趙峰搖頭:“鴉首帶人在外圍盯著,冇見‘清道夫’再出來,裡麵也冇動靜,死寂一片。王猛他們……”他頓了頓,“還是冇信號。林醫生,你之前說他們還活著,現在呢?”
林硯再次凝神,通過靜淵之鑰感知。鐵鏽鎮方向依舊一片深沉的黑暗與混亂,但那幾縷微弱的生命火花……還在!雖然比昨天更加飄搖,彷彿下一秒就會熄滅,但它們堅持著。
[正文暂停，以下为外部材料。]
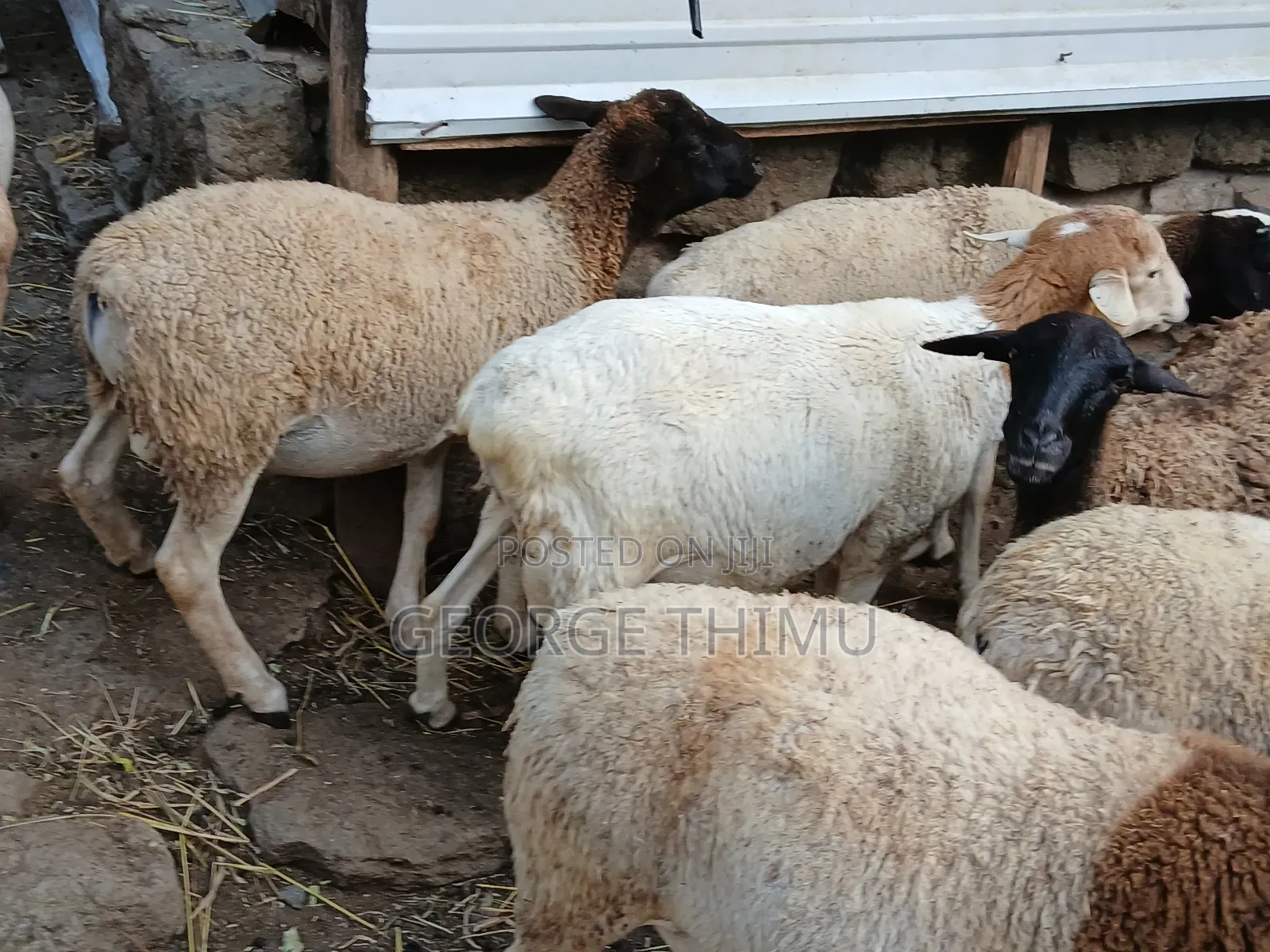 Dorper Males for Sale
“還活著,但非常危險,可能被困在某個地方,或者傷勢很重。”林硯肯定道。
趙峰獨眼中閃過掙紮:“我們不能等了。我挑幾個人,摸進去看看。至少……把還活著的帶出來,死了的……把身份牌拿回來。”
“不行。”林硯再次否決,語氣卻比昨天更加冷靜,“‘清道夫’撤退得蹊蹺,鐵鏽鎮現在是陷阱的可能性極大。他們可能正等著我們自投羅網。而且,那個裝置,那個流浪者,還有背後的軍官……他們的目的不僅僅是消滅我們,而是要嫁禍,要製造‘調和’實驗引發災難的假象。我們貿然進去,不但救不了人,還可能坐實他們的誣陷。”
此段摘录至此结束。